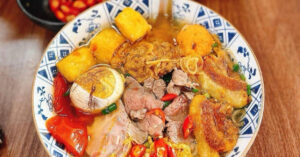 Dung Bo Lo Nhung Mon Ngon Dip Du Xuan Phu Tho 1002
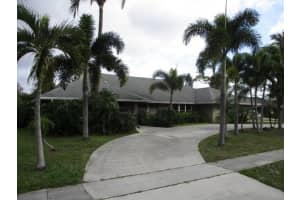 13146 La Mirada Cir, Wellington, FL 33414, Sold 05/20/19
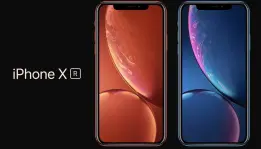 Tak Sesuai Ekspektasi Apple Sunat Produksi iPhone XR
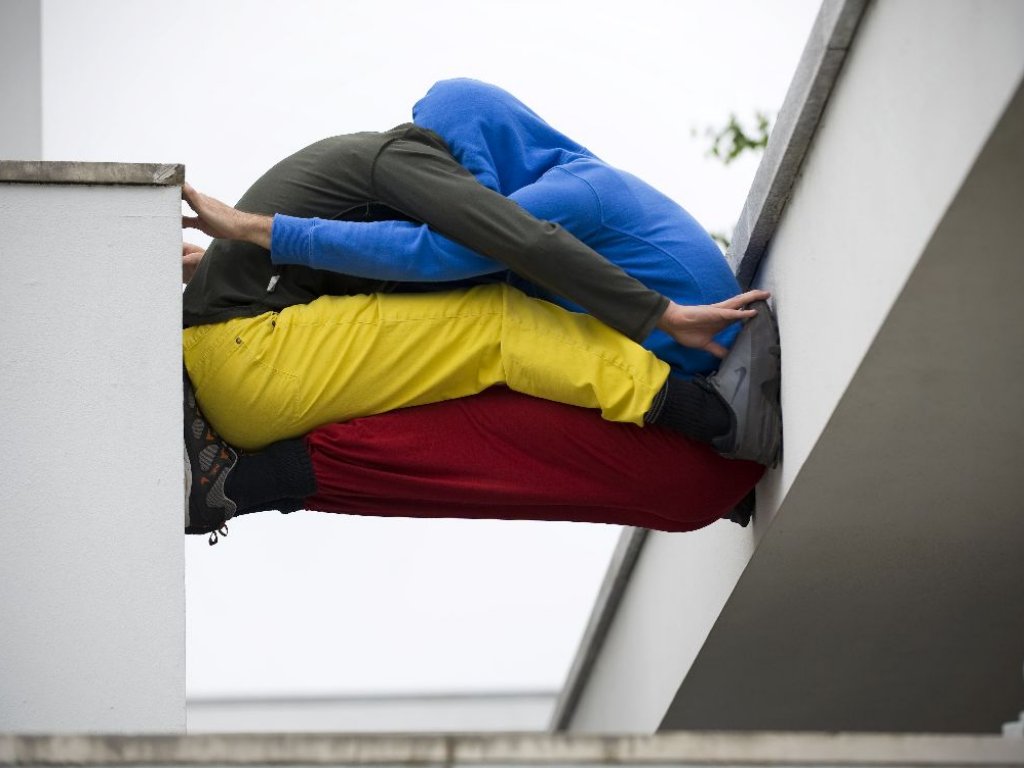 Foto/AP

────────────────────────────────────────

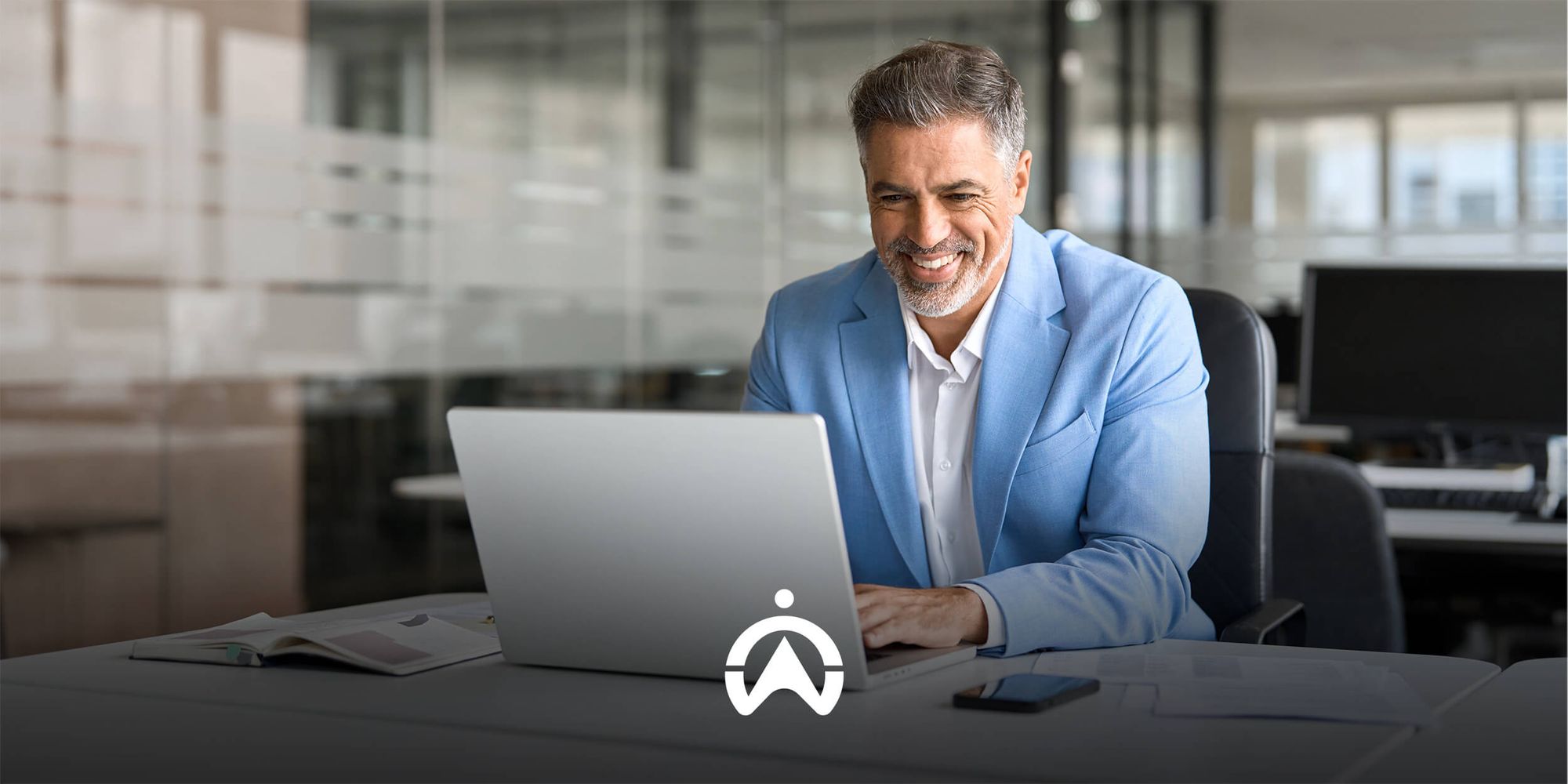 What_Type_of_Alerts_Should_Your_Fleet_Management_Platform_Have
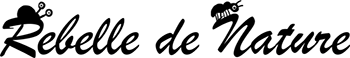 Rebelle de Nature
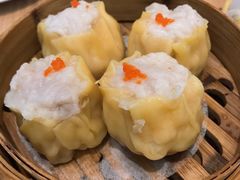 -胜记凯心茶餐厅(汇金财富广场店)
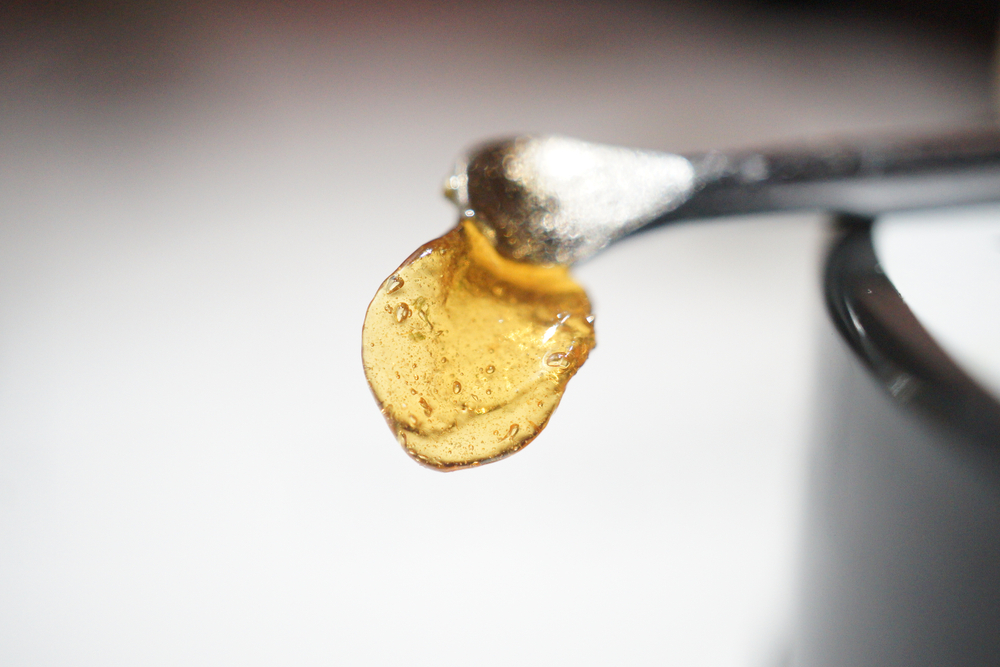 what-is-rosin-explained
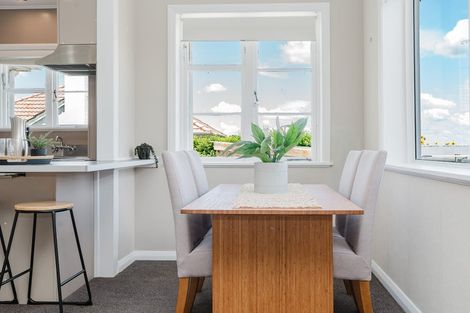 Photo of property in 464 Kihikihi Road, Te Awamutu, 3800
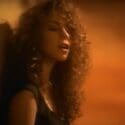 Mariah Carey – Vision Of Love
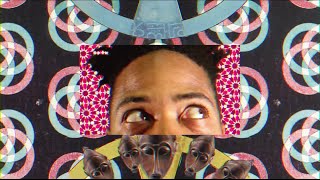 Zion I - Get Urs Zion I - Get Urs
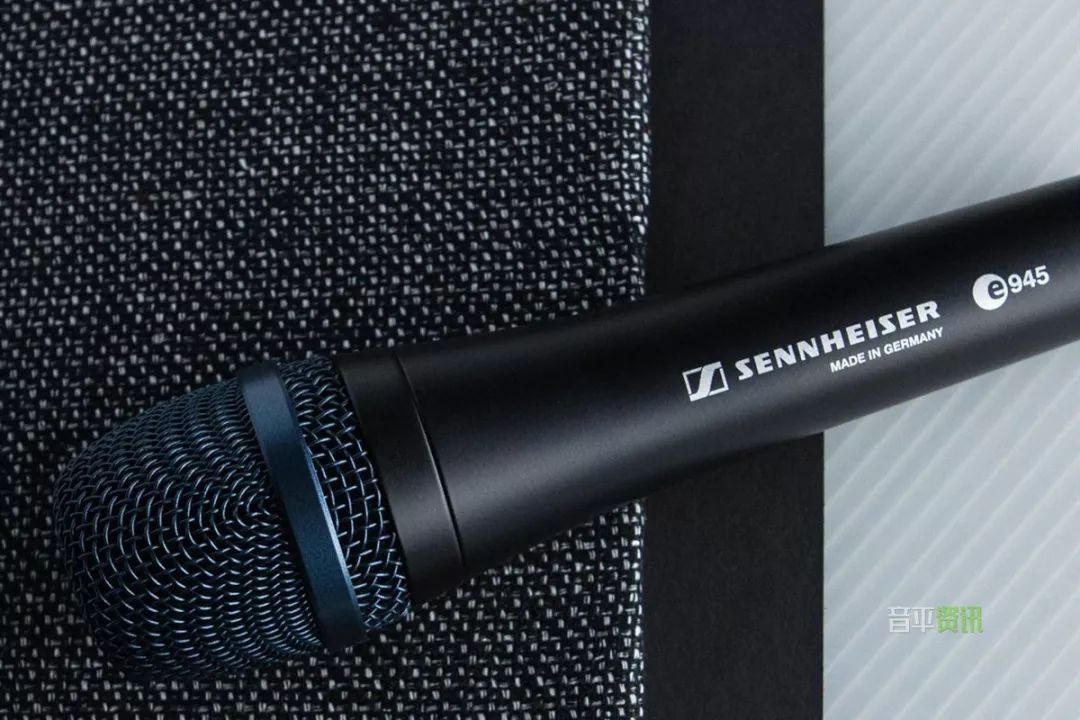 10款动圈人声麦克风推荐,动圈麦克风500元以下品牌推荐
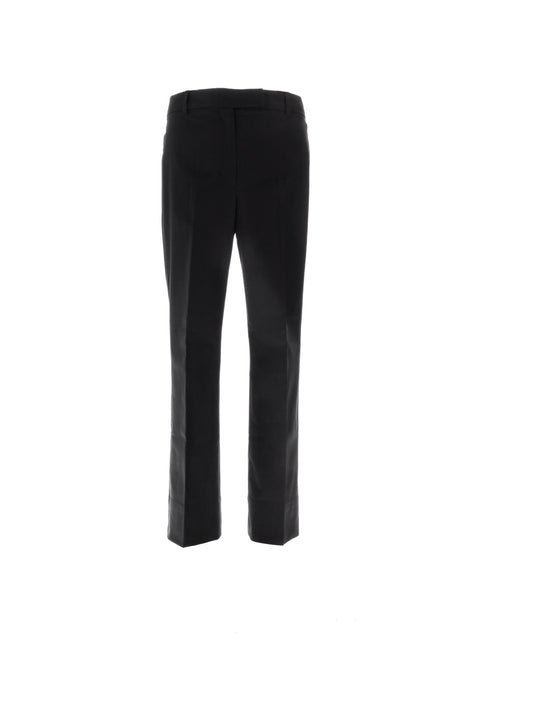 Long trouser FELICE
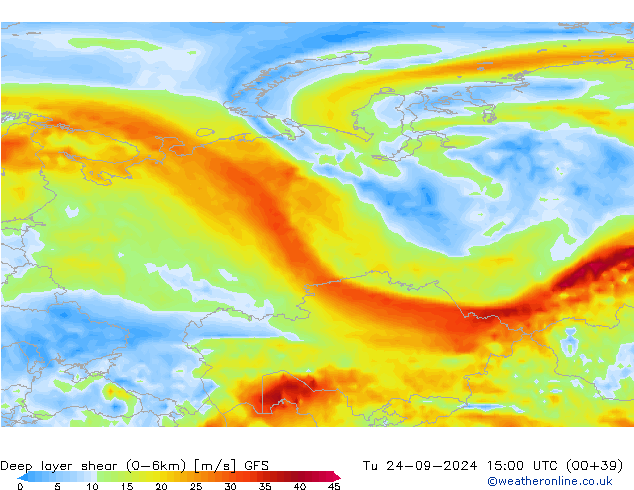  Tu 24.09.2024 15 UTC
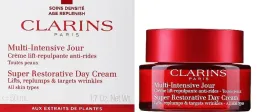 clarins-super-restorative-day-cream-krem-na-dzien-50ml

────────────────────────────────────────

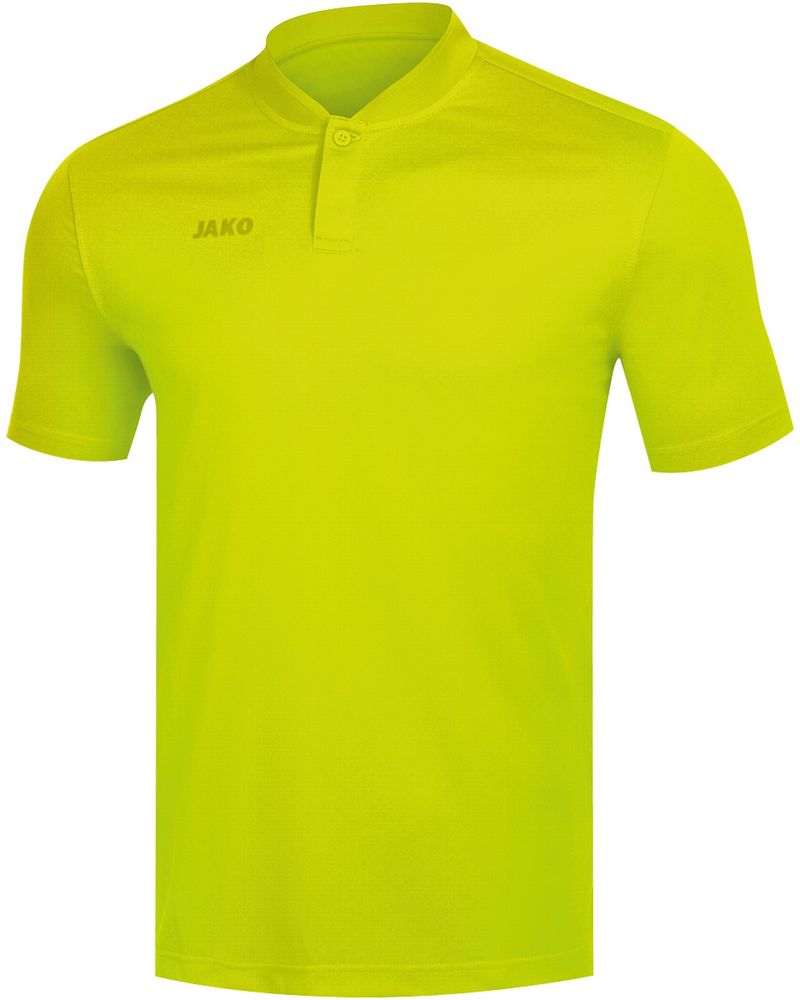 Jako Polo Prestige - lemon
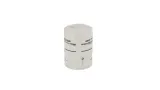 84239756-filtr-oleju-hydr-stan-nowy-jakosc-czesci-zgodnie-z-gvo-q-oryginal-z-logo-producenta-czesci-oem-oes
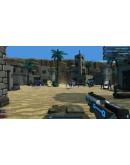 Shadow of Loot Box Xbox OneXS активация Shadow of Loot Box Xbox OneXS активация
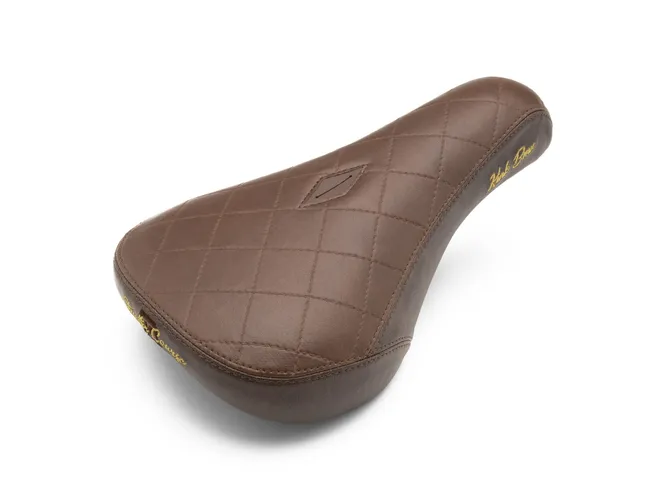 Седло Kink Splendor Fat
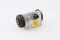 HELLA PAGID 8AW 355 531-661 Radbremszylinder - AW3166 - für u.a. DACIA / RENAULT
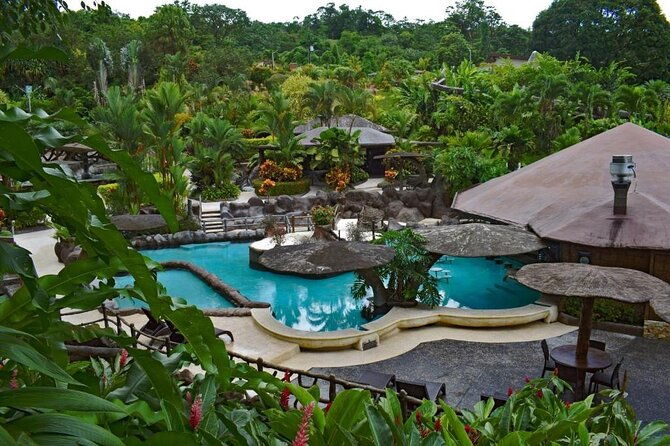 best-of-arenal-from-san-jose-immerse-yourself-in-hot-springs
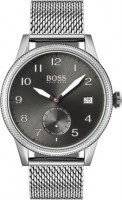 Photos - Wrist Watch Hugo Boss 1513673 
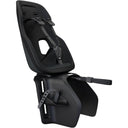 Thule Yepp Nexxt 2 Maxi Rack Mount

────────────────────────────────────────

Work required ::
Print nothing but the lines above starting with the line that contains "Tu 24.09.2024 15 UTC" and going on through the line that contains "clarins-super-restorative-day-cream-krem-na-dzien-50ml". Leave out the pictures.

Answer box ::
  Tu 24.09.2024 15 UTC
 clarins-super-restorative-day-cream-krem-na-dzien-50ml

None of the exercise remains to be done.